2001 : l'odyssée de l'espace, sorti aux États-Unis en avril 1968 (le 27 septembre 1968 en France) a cinquante ans. Un demi-siècle, pour un film sur le futur, c'est beaucoup. Pourtant, le légendaire bon film de science-fiction imaginé par Stanley Kubrick et Arthur C. Clarke tient le choc du temps qui passe, et il suffit de le revoir pour s'en convaincre. Il reste, également, absolument fidèle à ce qu'en disait le critique Michel Ciment : un film qui « exige et défie en même temps l'analyse ».

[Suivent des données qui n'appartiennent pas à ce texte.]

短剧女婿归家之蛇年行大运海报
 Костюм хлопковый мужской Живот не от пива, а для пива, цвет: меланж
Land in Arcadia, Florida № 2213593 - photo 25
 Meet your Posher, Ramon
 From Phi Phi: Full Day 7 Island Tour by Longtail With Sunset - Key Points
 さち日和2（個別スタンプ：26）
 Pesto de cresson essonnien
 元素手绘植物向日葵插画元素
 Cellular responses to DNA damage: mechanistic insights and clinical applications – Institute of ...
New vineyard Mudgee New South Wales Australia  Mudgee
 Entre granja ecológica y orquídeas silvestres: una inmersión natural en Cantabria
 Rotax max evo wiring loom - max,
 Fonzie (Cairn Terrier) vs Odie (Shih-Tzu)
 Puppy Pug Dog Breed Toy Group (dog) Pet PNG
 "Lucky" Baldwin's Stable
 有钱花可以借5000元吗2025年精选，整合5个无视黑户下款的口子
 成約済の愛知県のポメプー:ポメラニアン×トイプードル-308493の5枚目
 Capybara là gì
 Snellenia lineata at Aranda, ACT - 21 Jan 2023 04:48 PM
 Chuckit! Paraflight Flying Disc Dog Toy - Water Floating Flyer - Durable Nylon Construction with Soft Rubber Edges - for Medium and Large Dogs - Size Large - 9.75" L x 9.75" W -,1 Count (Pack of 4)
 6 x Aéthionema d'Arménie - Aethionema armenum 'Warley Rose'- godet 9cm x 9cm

Je rentre tout juste du festival des Utopiales, à Nantes, où j'ai eu la chance d'être convié pour contribuer à célébrer cet anniversaire. Ce fut d'abord, vendredi 2 novembre au matin, une table ronde en compagnie de Marc Caro et d'Olivier Cotte, sous le feu des questions de Philippe Guedj. On en trouve un extrait conséquent sur Youtube, avec ce moment assez fantastique où Olivier Cotte explique, ce qui est vrai, que son chien adore 2001 (et pourquoi). Mes deux comparses ont assez magnifiquement su mêler la légèreté du ton et la pertinence du propos, moi un peu moins (si seulement j'avais su que les calembours étaient autorisés…! ceux qui me connaissent comprennent très bien ce à quoi les Utopiales ont échappé). Cette table ronde est également évoquée sur le blog En attendant Nadeau.
Puis, le soir du même jour, j'ai eu le plaisir et l'honneur de présenter, seul, dans le cadre de l'université éphémère des Utopiales, une conférence d'une heure et demie qui s'intitulait « Le corps secret et musical de 2001 » et dont l'argument était le suivant :
Toujours est-il que je m'interroge à présent sur ce que je peux faire de ce travail. Outre la préparation proprement dite, qui m'a mobilisé pendant des semaines, il s'agit de l'aboutissement de dix ou douze années de recherches ; et il y a quelques documents rarissimes que j'aimerais montrer.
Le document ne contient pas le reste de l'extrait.